L0 Paranoid Watchdog (hal/anomaly.zig)

Temporal Panic Correlator (bit 6)

Detects correlated multi-fiber panics that indicate environmental events (radiation) rather than independent software bugs.

zig
const PanicRecord = struct {
    fiber_id: u64,
    timestamp_ns: u64,
};

pub const PanicCorrelator = struct {
    recent: [32]PanicRecord,
    head: u8,
    /// Number of valid entries in the ring. Capped at 32 (ring capacity).
    /// This is the walk depth, not a lifetime counter — it never overflows.
    count: u8,  // invariant: count <= 32
    /// Radiation suppression window end timestamp. While active,
    /// circuit breaker quarantine is overridden to Respawn.
    radiation_suppression_ns: u64,
};

Called from npl_trap_handler after every panic. Appends to the ring (wrapping at 32), caps count at 32. Walks the ring backward counting distinct fiber IDs within the correlation window.

Correlation vs. independent failure:

ObservationDiagnosisResponse
≥ N distinct fibers panic within windowCorrelated radiation eventSuppress individual quarantine, emit AnomalyDetected(80) with data0 = fiber_count, data1 = CORRELATION_RADIATION
Single fiber repeated panicsIndependent bugPer-fiber circuit breaker as usual

When a correlated event is detected, L0 sets a radiation_suppression_ns timestamp. For the next correlation window duration, the circuit breaker's quarantine verdict is overridden to Respawn – the fibers are fine, the environment is hostile. Individual panic logging to BEB continues unchanged.

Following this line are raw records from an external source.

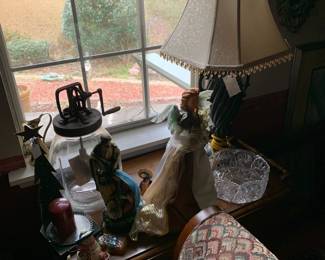 Antiques and Christmas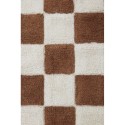 Pestav vaip Kitchen Tiles Toffee 120x160 cm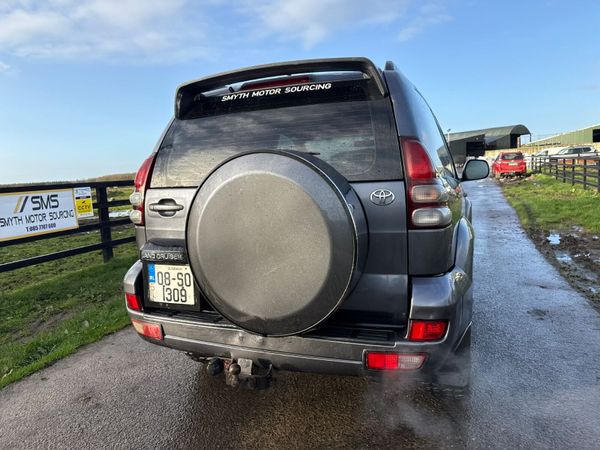 08 Toyota Land Cruiser SWB Beauty***** 383351423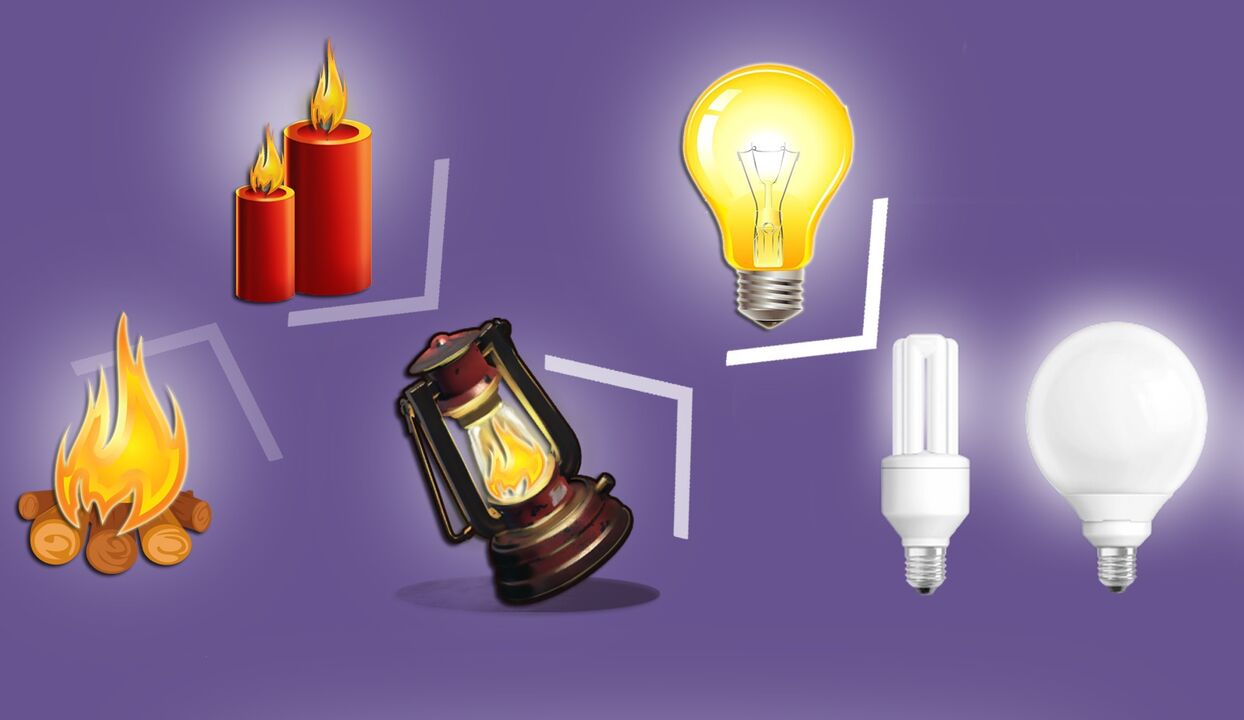 Children's energy saving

CSpace Integrity Audit (bit 5)

Periodic walk of all MAX_FIBERS CSpaces × CSPACE_SIZE slots.

CheckDetects
Epoch monotonically non-decreasing between auditsEpoch counter corruption
No Null-typed cap with non-zero object_idGhost capabilities
No bounds where end < startBoundary inversion (bitflip)
No cap_type value outside the CapType enum range (0–6)Type field corruption

Triggered by heartbeat tick counter at the configurable audit_interval_ticks (default ~1024 ticks ≈ 10s).

On failure:

  1. Emit IntegrityAudit(83) with data0 = fiber_id, data1 = slot_index, data2 = check_type
  2. Log IntegrityFault(17) to BEB for the owning fiber
  3. Quarantine the owning fiber

Previous epoch values are stored in audit_epochs: [MAX_FIBERS]u32 and updated after each clean audit pass.

Epoch wrapping: CSpace revoke_all() uses epoch +%= 1 (wrapping add). At u32, this wraps after ~4 billion revocations – not a realistic concern in practice. The audit checks current_epoch != audit_epochs[fiber_id] (not >=) to detect any change. If the epoch changed but the CSpace is consistent, the audit passes and records the new epoch. An unexpected epoch change (no corresponding FiberRespawn event in the STL) is flagged as corruption.

L1 Heartbeat Monitor (bit 3)

Two distinct operations, two distinct call sites:

  1. L1 writes the heartbeat. L1's scheduler calls anomaly_heartbeat() every tick. This is an exported C ABI function that L1 invokes — it updates heartbeat_seq and last_heartbeat_ns in shared L0 memory. L1 is the writer; it proves it's alive by advancing the sequence.
  2. L0 checks the heartbeat. In entry_riscv.zig, the timer interrupt handler (intr_id == 5 path) calls anomaly_check_heartbeat() — a pure L0 function that reads the heartbeat state and compares against rumpk_timer_now_ns() (the canonical L0 time source). L0 is the reader; it independently verifies L1's liveness.

L0 checks both a timestamp and a sequence number independently.

zig
pub const HeartbeatMonitor = struct {
    last_heartbeat_ns: u64,
    heartbeat_seq: u64,
    last_checked_seq: u64,
    last_checked_ns: u64,
};

Why sequence number + timestamp (not just timestamp):

last_heartbeat_ns alone cannot distinguish "L1 is alive but the clock source is corrupted" from "L1 is alive and ticking normally." If the timer register gets hit by a bitflip and starts returning garbage timestamps, you see either a massive gap (false kexec) or no gap at all (false calm).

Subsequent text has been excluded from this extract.